Mit äußerstem Geschick werden falsche Fährten gelegt, Tatsachen verdreht und Vorgänge so undurchschaubar gemacht, wie sie im wirklichen Leben gemeinhin sind. Verbrechen und Wirtschaftsinteressen bilden ein undurchdringliches Gestrüpp, und Agens des Ganzen, das vor den Kulissen den Pressemenschen Silanpa und den Polizeihauptmann Moya in Gang setzt, und hinter den Kulissen die (scheinbar) hochanständigen Träger der Macht rotieren lässt, ist ein Gepfählter, der unverhofft am Ufer eines Sees auftaucht, an dem eine Siedlung namens "Leben in Harmonie" entstehen soll.

Ab ins Gefängnis

Eigentlich geht es um Baugrund, um reines Business.

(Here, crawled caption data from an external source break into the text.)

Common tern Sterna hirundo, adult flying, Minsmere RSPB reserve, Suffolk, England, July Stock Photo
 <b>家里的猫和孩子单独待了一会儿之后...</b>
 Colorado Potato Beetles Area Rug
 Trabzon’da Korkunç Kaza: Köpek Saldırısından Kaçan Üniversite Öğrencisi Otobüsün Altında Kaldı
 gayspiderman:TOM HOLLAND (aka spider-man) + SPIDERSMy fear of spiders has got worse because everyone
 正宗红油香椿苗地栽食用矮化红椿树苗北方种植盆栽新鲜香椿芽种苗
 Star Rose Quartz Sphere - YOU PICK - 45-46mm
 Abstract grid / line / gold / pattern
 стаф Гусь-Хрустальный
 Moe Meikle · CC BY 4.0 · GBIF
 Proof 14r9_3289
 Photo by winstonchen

Doch der Gepfählte bringt alle und alles durcheinander, selbst der ermittelnde Beamte Moya, den im Grunde nur ein Problem beschäftigt, sein Übergewicht, gerät durch den unerwarteten Verlauf der Dinge derart aus dem Konzept, dass er schließlich dem sich abzeichnenden Ermittlungsresultat entgegentreten muss und seinem Quasi-Komplizen Silanpa, zynisch bedeutet: "... wir werden hier sorgfältig sämtliches Material aufarbeiten, und wenn es notwendig sein wird, unseren Herrn Jesus Christus festzunehmen und ins Gefängnis zu stecken, dann werden wir das auch tun, verstanden? Aber überlassen Sie das bitteschön uns."

Gamboa macht sich den Spaß, den Roman gewissermaßen zweimal zu erzählen: einmal in seiner raffinierten und diffizil verzahnten Aufbereitungsart; und ein zweites Mal - eingeschoben in den narrativen Kontext - aus der Feder des Polizeihauptmanns Moya, der alles Substantielle weglässt und nur von sich selbst berichtet: in einer köstlich verschrobenen Amtssprache, in der er sich ausführlich über seine Fresssucht auslässt, sich einer Selbsterfahrungsgruppe mitteilt, seiner bescheidenen Bildung wegen lobt, sich als guter Christ, gewissenhafter Ordnungshüter und selbstloser Patriot präsentiert, um den Vogel abzuschießen, als er von seiner Kündigung bei der Polizei berichtet und sich damit brüstet, nunmehr "Leiter der Sicherheitsabteilung" jenes Bauunternehmers zu sein, dessen kriminelle Praktiken er aufs Arglistigste undurchsichtig gemacht hat.